NVIDIA Creates Interactive World with Its Deep Learning-Based AI Model: ‘It Wouldn’t Have Been Possible Before Tensor Cores’

Author Photo
Dec 3

Today’s big NVIDIA announcement presented the TITAN RTX GPU. However, there is another interesting press release put out by the company in which they provide the first look at an interactive, AI rendered virtual world based on a deep learning model.

A team of researchers at NVIDIA used a neural network, previously trained on real-world videos, to render synthetic tridimensional environments in real time. The result is a basic driving game, as you can see below; the full demo will be showcased at the NeurIPS conference in Montreal, Canada.

nvidia-geforce-20-series_official_turing_ngx_dnn_dlss_performance-4k-1Related NVIDIA DLSS Explained – Much Higher Quality Than TAA or Much Faster Performance, Delivered by NVIDIA NGX

Bryan Catanzaro, vice president of Applied Deep Learning Research at NVIDIA and leader of the research team, said:

NVIDIA has been inventing new ways to generate interactive graphics for 25 years, and this is the first time we can do so with a neural network. Neural networks — specifically generative models — will change how graphics are created. This will enable developers to create new scenes at a fraction of the traditional cost.

One of the main obstacles developers face when creating virtual worlds, whether for game development, telepresence, or other applications is that creating the content is expensive. This method allows artists and developers to create at a much lower cost, by using AI that learns from the real world. Before Tensor Cores, this demo would not have been possible.

Clearly, the potential here is massive. The creation of massive virtual worlds is the basis of modern gaming and it is a highly time and resource consuming process. Being able to speed it up through AI would do wonders for game developers, but NVIDIA also expects applications in fields like virtual reality, automotive, robotics and architecture.

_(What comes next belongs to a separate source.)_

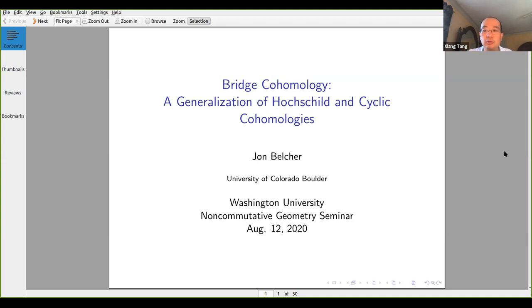Welcome everyone to our seminar today. Our speaker is Jonathan Belker from the University of Colorado. John will tell us about bridge cohomology, a generalization of Hochschild and cyclic cohomology. Please go ahead.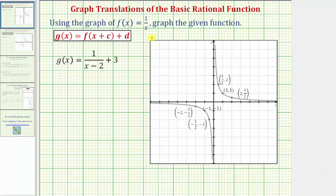We're asked to use the graph of the basic rational function f of x equals one divided by x to graph the function g of x equals one divided by the quantity x minus two plus three. Looking at the form of g of x, we should recognize that g of x is a translation of the basic rational function f of x equals one divided by x.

Those of you who aren’t afraid to get really technical can dive into the entire research paper, available here. Anyone else can read the summary below, where the researchers have outlined a couple of current limitations of their model and how they could be overcome.


We present a general video-to-video synthesis framework based on conditional GANs. Through carefully-designed generator and discriminator networks as well as a spatiotemporal adversarial objective, we can synthesize high-resolution, photorealistic, and temporally consistent videos. Extensive experiments demonstrate that our results are significantly better than the results by state-of-the-art methods. Its extension to the future video prediction task also compares favorably against the competing approaches.

Limitations and future work

Although our approach outperforms previous methods, our model still fails in a couple of situations. For example, our model struggles in synthesizing turning cars due to insufficient information in label maps. We speculate that this could be potentially addressed by adding additional 3D cues, such as depth maps.

Furthermore, our model still can not guarantee that an object has a consistent appearance across the whole video. Occasionally, a car may change its color gradually. This issue might be alleviated if object tracking information is used to enforce that the same object shares the same appearance throughout the entire video. Finally, when we perform semantic manipulations such as turning trees into buildings, visible artifacts occasionally appear as building and trees have different label shapes. This might be resolved if we train our model with coarser semantic labels, as the trained model would be less sensitive to label shapes.